I have the question:
In the triangle $\triangle ABC$, $AC=BC$, $AH$ is the height, $\tan(\angle BAC) = \frac{24}{7}$. Find the length $AB$.
1.I found, that $\cos(\angle BAC) = \frac{7x}{25x}$.
2.Also, I find that $\cos(\angle BAC) = \cos(\angle ABC)$. $\cos(\angle ABC) = \frac{HB}{AB}$. Hence, $\frac{7x}{25x} = \frac{HB}{AB}$. Hence, $AB=25x$.
3.But, if I try to find this with $\tan(\angle BAC)$, I need to draw the height $CK$. Then, I know, $\tan(\angle BAC) = \frac{CK}{AK}$. Hence, $\frac{24x}{7x} = \frac{CK}{AK}$, so $AK=7x$. Hence $AB=AK \cdot 2$. $AB=14x$.
Why did I get this answer? Where is my mistake?
Consider the diagram below:
We are given $\overline{AH}$ is an altitude of $\triangle ABC$, $AC = BC$, and $\tan\angle BAC = 24/7$.

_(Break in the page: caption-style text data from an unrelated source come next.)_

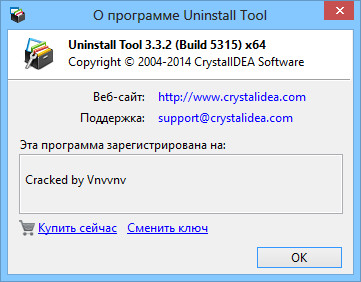 Uninstall Tool 3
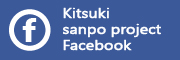 Kitsuki_Facebook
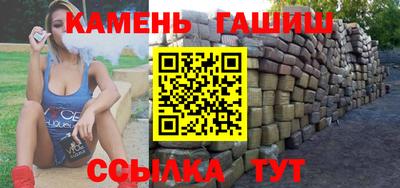 сатива Камышлов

Since $\overline{AC} \cong \overline{BC}$, $\angle BAC \cong \angle ABC$ by the Isosceles Triangle Theorem. Hence, $$\tan\angle BAC = \tan\angle ABC = \frac{AH}{BH} = \frac{24}{7}$$ If we let $BH = 7x$, as you did, then $AH = 24x$. By the Pythagorean Theorem, \begin{align*} AB^2 & = AH^2 + BH^2\\ & = (24x)^2 + (7x)^2\\ & = 576x^2 + 49x^2\\ & = 625x^2 \end{align*} Since $x > 0$, taking the square root of each side of the equation yields $$AB = 25x$$ Hence, $$\frac{AB}{AH} = \frac{25x}{24x} = \frac{25}{24} \implies AB = \frac{25}{24}AH$$ from which you could determine the length of $AB$ if you knew $AH$.
What did you do wrong?
In your first calculation, you let $BH = 7x$ and $AB = 25x$, which implies that $AH = 24x$.
In your second calculation, you let $AK = 7x$ and $CK = 24x$. You should have used a different variable such as $y$ rather than $x$ since you have not proved that $AK = BH$ or that $AH = CK$. The scale drawing below illustrates why you should have set $AK = 7y$ and $CK = 24y$. In fact, if $AB = 25x$, then $AK = \frac{AB}{2} = \frac{25x}{2}$ and $CK = \frac{24}{7} \cdot AK = \frac{600x}{14} = \frac{300x}{7}$.